_PROBLEM STATEMENT_
Pictures excluded, output the lines of the data below between the one holding "Now this third" and the one holding "If you don't", inclusive, exactly as they stand.

╭──

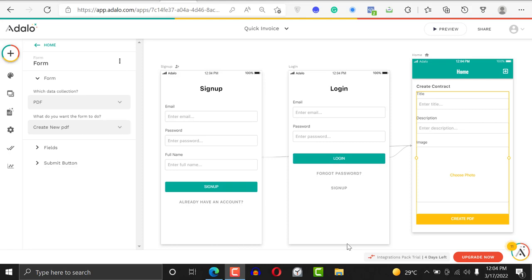Hi, welcome to another Adalo tutorial. This time I'm going to show you how to create a dropdown menu. Dropdown menus ensure that you can populate your data with options you can give your users.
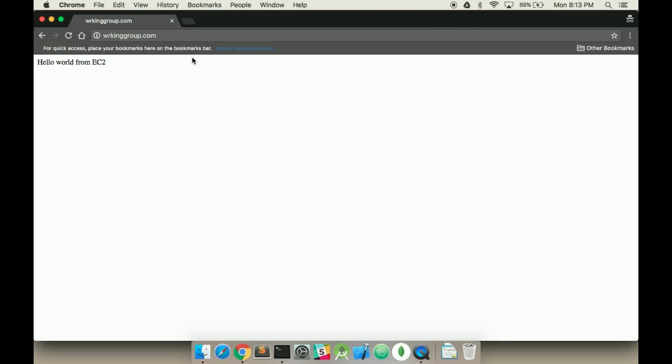And that's how to use a purchased domain from GoDaddy, or any domain really, with an EC2 instance. If you like this video please subscribe. If you have any questions please put them in the comments, please like it, please give me feedback. See you in the next video.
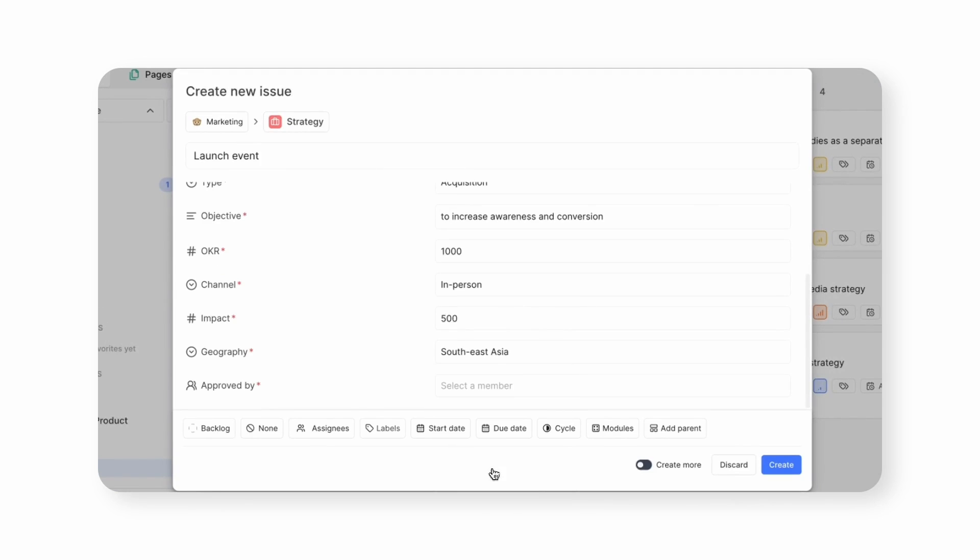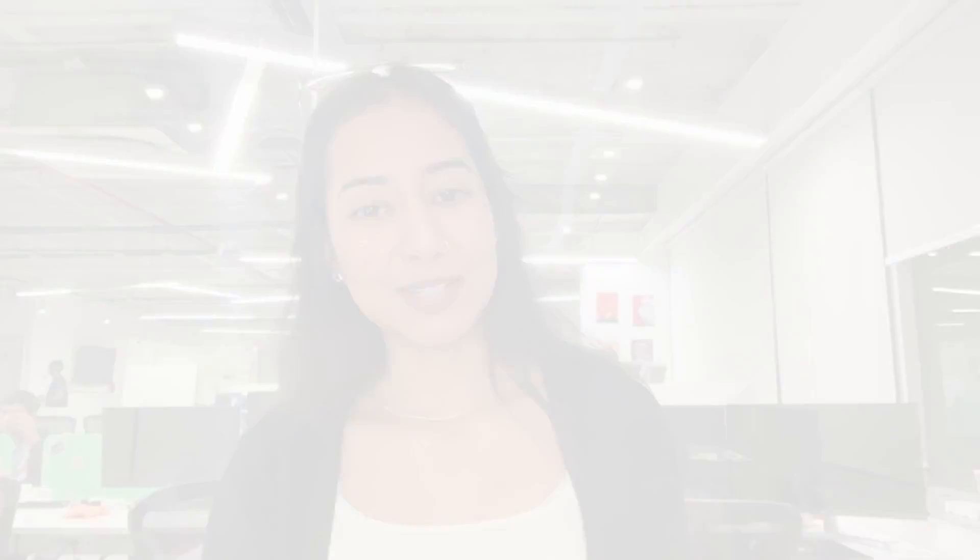It's that simple. Issue Types let you shape our issues to your work—simple, flexible, and built just for you. Happy customizing!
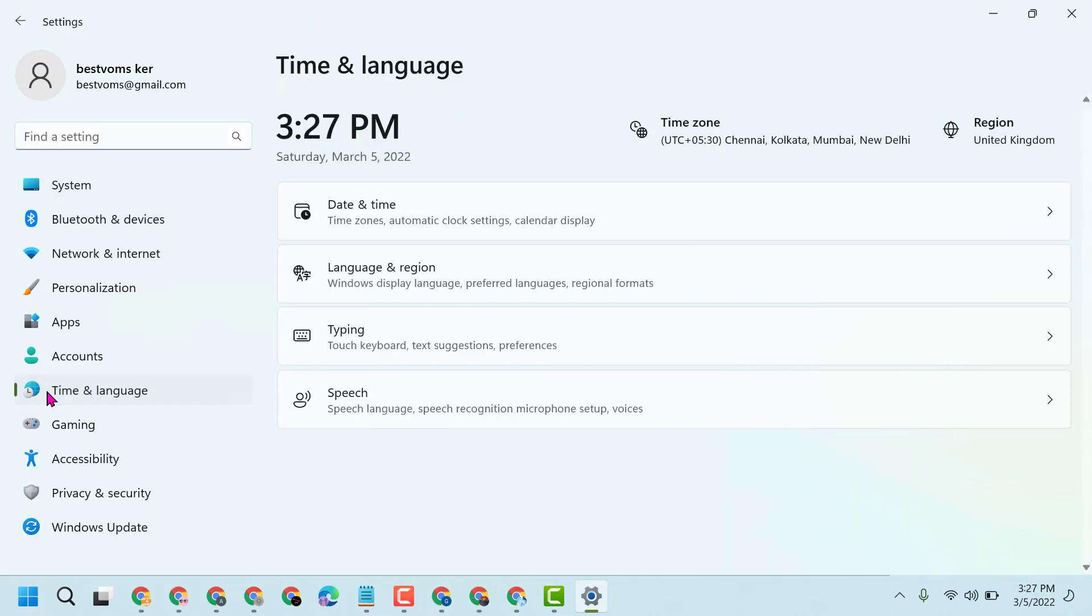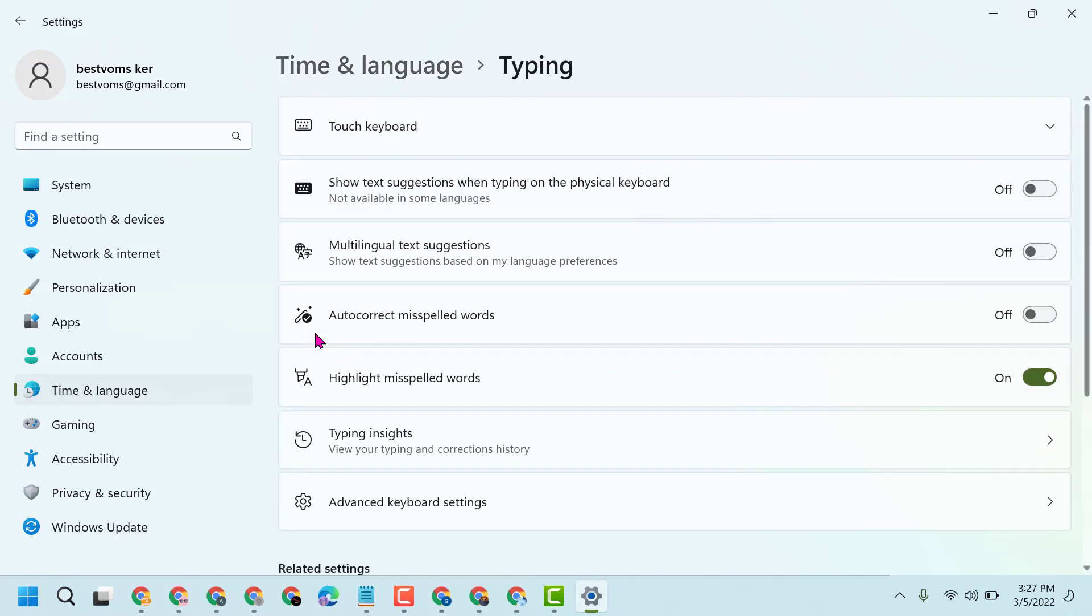Now this third option, Typing, left click on it. Now here is the option multilingual text suggestions.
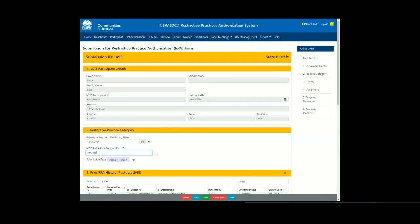If you don't have this information yet, you can come back and complete these fields. However, please note that you won't be able to release the form until all mandatory fields have been completed.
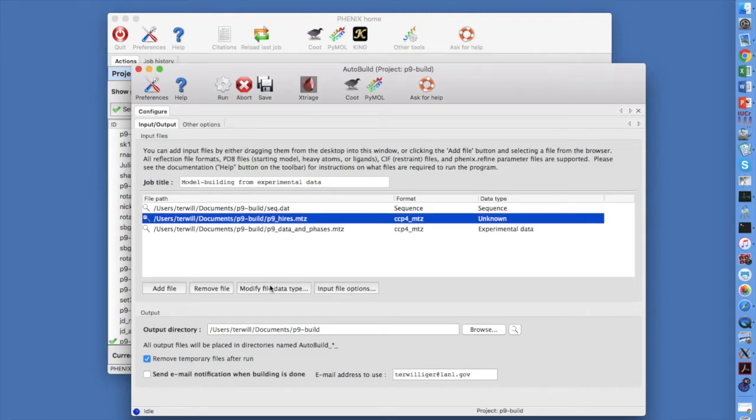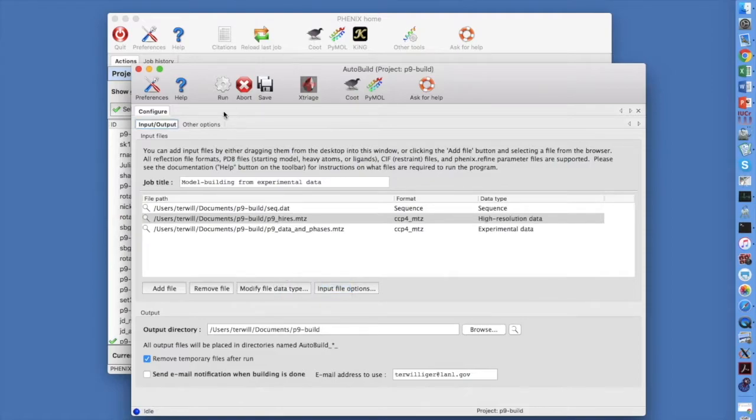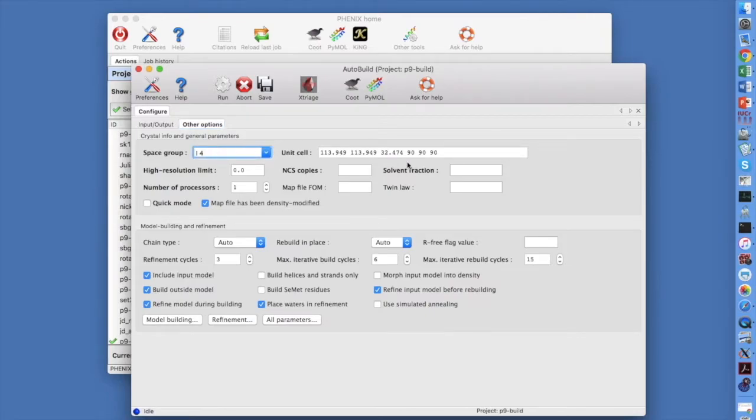Tell the GUI that P9HiRes.mtz contains Hi-Res information. Click on the Other Options tab. We are going to set a few parameters. Make sure the space group and unit cell are what we expect.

╰──

_RESPONSE_
Now this third option, Typing, left click on it. Now here is the option multilingual text suggestions.
If you don't have this information yet, you can come back and complete these fields. However, please note that you won't be able to release the form until all mandatory fields have been completed.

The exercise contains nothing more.